Hace casi un año, comentaba en esta misma columna cómo la indefinición de los partidos políticos de “centro” en el Perú favorecía a las posiciones extremistas.
El diagnóstico no estaba errado y, unos meses después, los peruanos acudíamos a las urnas con ganas de ponernos una triple mascarilla, resignados a discernir el mal menor entre Pedro Castillo y Keiko Fujimori.
“Cuando una sociedad pierde su centro, la política deja de existir en ella”, alertaba Felipe Ortiz de Zevallos en una reciente entrevista publicada en este Diario, como quien enciende una llama de encuentro en la que puedan cobijarse las tribus que se aíslan en sus fronteras. Pero reparaba también con acierto el politólogo Omar Awapara que en el Perú “hay un centro ideológico líquido que es difícil de asir”.
Precisamente, ese amorfismo céntrico puede explicar por qué las opciones políticas más moderadas palidecen en popularidad frente a las alternativas más exageradas.

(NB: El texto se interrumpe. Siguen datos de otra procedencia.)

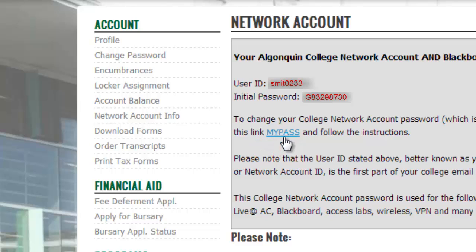Note that your AXS password remains the same. This is the username and password that you will use to log into any computer at the college, Blackboard, your email, wireless internet, and printing.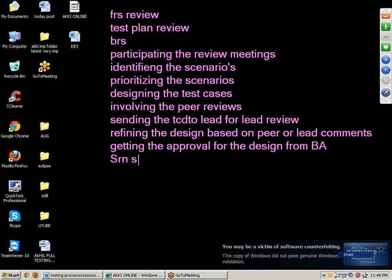Next point: SRN study. SRN means Software Release Note. It is a note prepared by the technical department and sent to the testing department. It contains build path information, test data path information, deployment document path information, known issues, release manager name, release date, build number, version number, project name, and module name.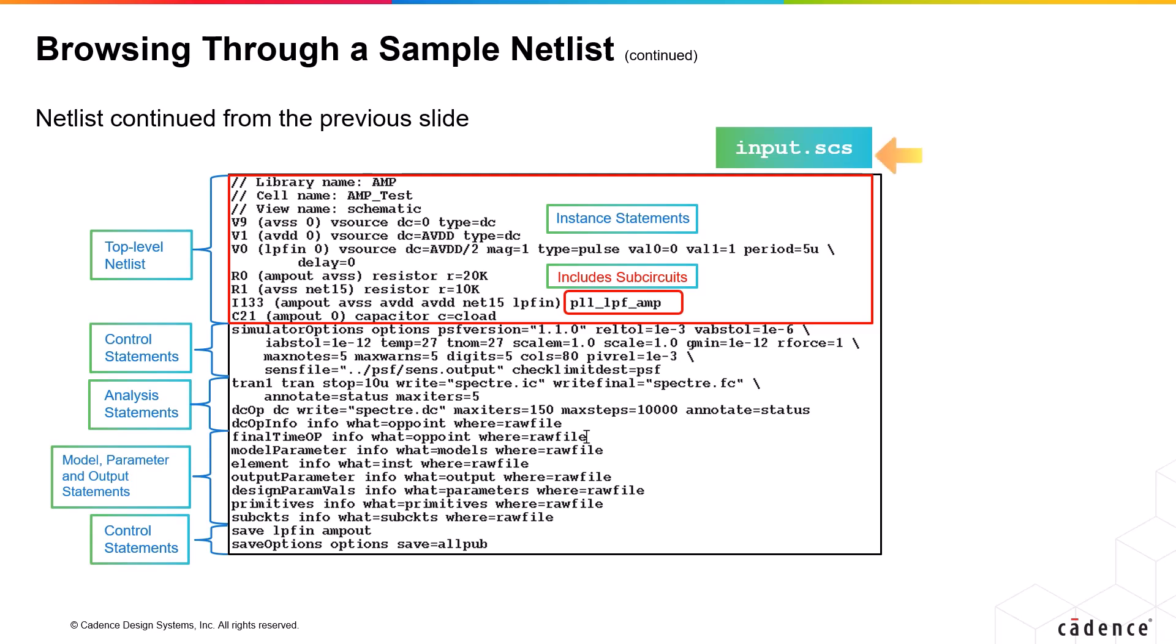Another thing you can note here is that this netlist is in Spectre format with .scs extension. So, it does not have a .end statement like a SPICE netlist.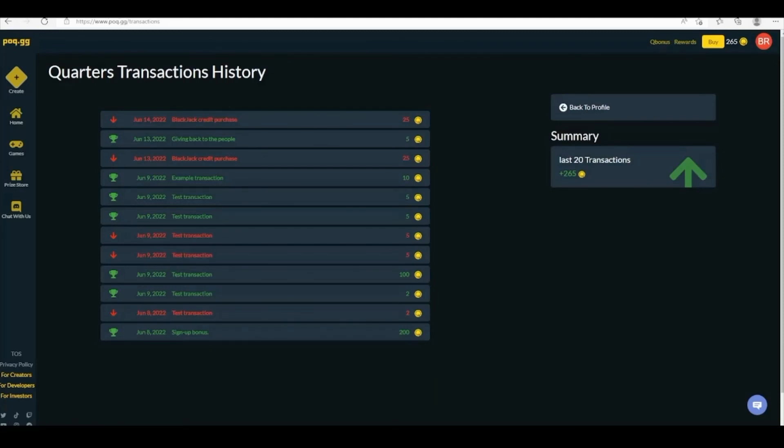And that's everything you need to know to get quarters working in your game. We hope you enjoyed this tutorial and have fun using quarters to enhance your player's experience.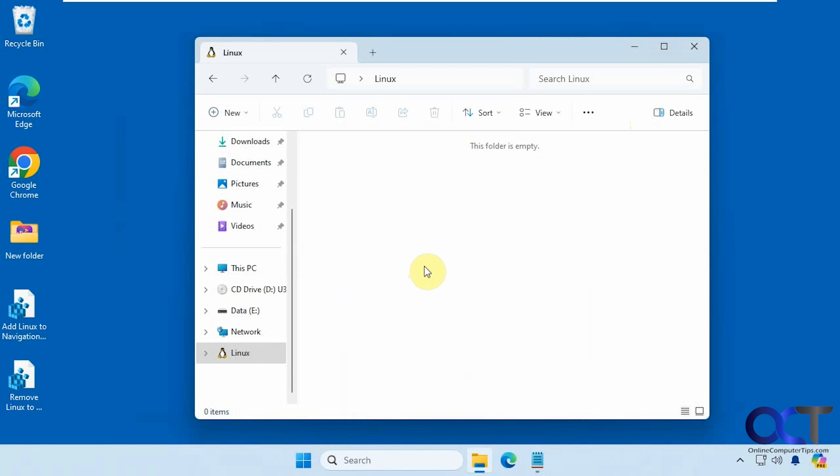Hi, in this video we're going to show you how to remove the Windows for Linux subsystem icon from the navigation pane in File Explorer.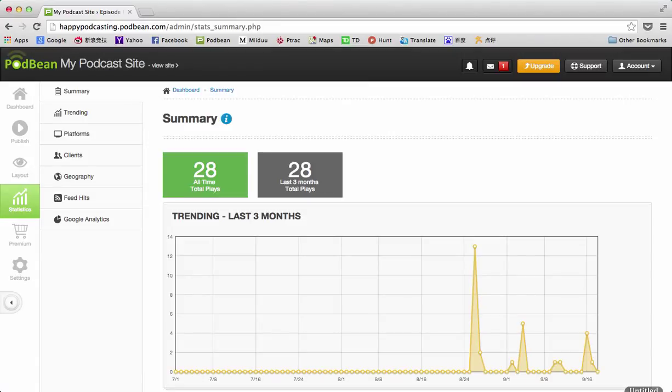Podbean statistics offer a lot of valuable information about your podcast that can help with everything from sponsorship and advertising to understanding what kind of content is popular with your users.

Basta con estudiar las actitudes de las bancadas “bisagras” de nuestro actual Congreso para confirmar que en el medio político hay más dudas que certezas. ¿Alguien sabe, por ejemplo, qué ideas concretas defiende Acción Popular? ¿Cuáles son los “caballos de batalla” de Alianza para el Progreso? Antes que una lampa o una letra ‘A’, el comodín y el camaleón deberían ser los emblemas partidarios de aquellas bancadas que simplemente se amoldan a lo que la conveniencia coyuntural les dicta.
Algo similar ocurre con el partido que pregona representar el “centro republicano”. El recientemente publicado “Manifiesto Morado” es apenas una oda a la generalidad. Más allá de sus buenas intenciones, recitar lugares comunes como “la verdad es tu aliada”, “se defienden las causas justas” y “a la política se aporta con talentos” es una apuesta segura en el tránsito hacia la irrelevancia.
“Primero debemos definir quiénes somos y qué representamos. Luego veremos quiénes están de nuestro lado y quiénes no”, decía Birgitte Nyborg, exlideresa del Partido Moderado, en un capítulo de Borgen, para los fanáticos de las series políticas.
Con un centro político que no tiene bandera, ni siquiera asta, terminan por triunfar las candidaturas extremistas porque, cuando menos, los electores saben a qué juegan. “Pintan la cancha”, en términos futbolísticos. No es complicado identificar a nuestra izquierda peruana por sus marcadas posturas antiempresa y antiminera, que enfrentan al trabajador y el empleador como si se tratara de un juego de suma cero. Y en la esquina opuesta, hallamos a una derecha más preocupada por denostar a la izquierda que por proponer algo. Y en esa cantaleta, terminan en un conservadurismo antiderechos y un supuesto “anticomunismo” de la boca para afuera porque no aportan ninguna solución promercado.
Más fácil les resulta a la extrema izquierda y a la extrema derecha confundirse en un abrazo que dialogar con los partidos de centro. Tomemos como ejemplo la narrativa antimigratoria: el ‘show’ inhumano del gobierno de Pedro Castillo de expulsar a ciudadanos venezolanos de hace unas semanas vino acompañado por un silencio cómplice de los principales “líderes” de oposición, Keiko Fujimori y Rafael López Aliaga.
Mucho se reclama que las posiciones radicales ganan atención simplemente porque gritan más fuerte. Y algo de razón tienen aquellas quejas y algo de responsabilidad tenemos la sociedad civil y los medios de comunicación al no exigir de la clase política mayor definición en sus posturas y más coherencia en sus votaciones. Pero no es que el centro político peruano haya sido “cancelado” por los fundamentalistas bulliciosos, sino que ha quedado vacío por su propia indefinición.